Die Staatsbibliothek Bamberg wurde 1803 im Zuge der Säkularisation gegründet und hatte zunächst ihren Sitz im ehemaligen Jesuitenkolleg inmitten der Bamberger Inselstadt, bevor sie 1966 auf den Domberg in die Neue Residenz umzog. Anwachsende Sammlungen und intensive Erschließungstätigkeit prägten die bibliothekarische Arbeit.

Die Anfänge

Die Geschichte der Staatsbibliothek Bamberg als Institution begann 1802/03 mit dem Übergang des Hochstifts Bamberg an das Kurfürstentum Bayern. Im Zuge der Säkularisation wurden ab 1803 die Buchbestände der aufgelösten Klöster und geistlichen Stifte des vormaligen Hochstifts Bamberg mit der Bibliothek der aufgehobenen Universität Bamberg vereinigt. Die Bücher dieser Einrichtungen gingen in das Eigentum des bayerischen Staates über und wurden in einer eigens gegründeten regionalen Bibliothek zusammengeführt, deren erste Heimat das Kollegienhaus der Jesuiten inmitten der Bamberger Inselstadt, die heutige Teilbibliothek 1 der Universitätsbibliothek Bamberg, war.

Der Name dieser Bibliothek wechselte mit den politischen Verhältnissen in Bayern: Zunächst hieß sie Kurfürstliche, ab 1806 Königliche und ab 1918 Staatliche Bibliothek, bevor sie schließlich 1966 ihren heutigen Namen Staatsbibliothek Bamberg erhielt.

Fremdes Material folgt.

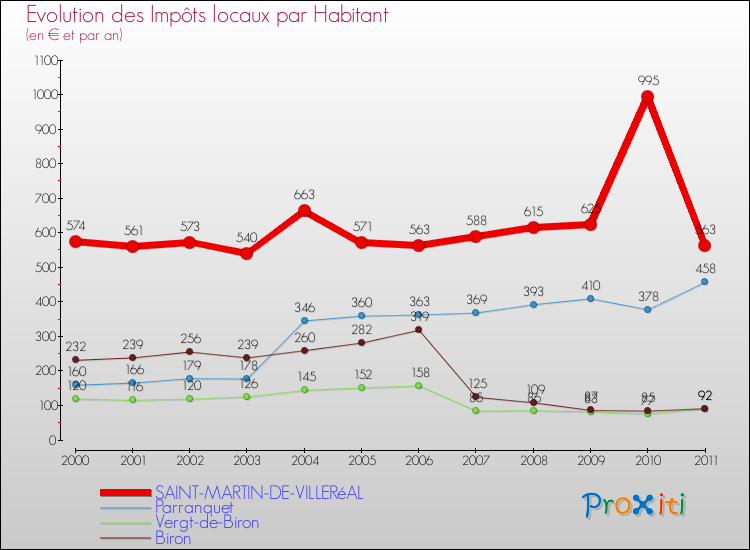 Evolution et montant des impôts locaux par Habitant pour SAINT-MARTIN-DE-VILLERéAL et les communes proches Comparaison des impôts locaux par habitant pour SAINT-MARTIN-DE-VILLERéAL et les communes voisines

Sechs herausragende Handschriften aus säkularisierten kirchlichen Einrichtungen verblieben jedoch nicht in Bamberg, sondern fielen der Hofbibliothek München zu, der heutigen Bayerischen Staatsbibliothek.

Heinrich Joachim Jaeck

Der erste Bibliotheksleiter Heinrich Joachim Jaeck (1777–1847), ein ehemaliger Zisterzienser aus dem Kloster Langheim, formte energisch und streitbar die in Bamberg zusammenströmenden annähernd 60 000 Bände zu einer benutzbaren Sammlung. Er leistete grundlegende und teilweise noch heutige gültige Erschließungsarbeiten durch systematische Ordnung und Aufstellung der Handschriften und Drucke. Außerdem publizierte er Kataloge und zahlreiche wissenschaftliche Arbeiten zu den Bibliotheksbeständen.

Sammlungszuwächse

Da die Bibliothek zunächst keinen Erwerbungsetat hatte, war sie zur Erweiterung ihrer Bestände auf die Einnahmen aus Dublettenverkäufen angewiesen. Im 19. Jahrhundert wurde der Bestand der Staatsbibliothek zudem durch eine beachtliche Zahl an Schenkungen bereichert. So übernahm das Haus einen wesentlichen Teil der Hofbibliothek des wittelsbachischen Herzogs Karl II. August von Pfalz-Zweibrücken (reg. 1775–1795), des ältesten Bruders des ersten bayerischen Königs Max I. Joseph. Diese Bibliothek wird latinisiert als Bipontina bezeichnet.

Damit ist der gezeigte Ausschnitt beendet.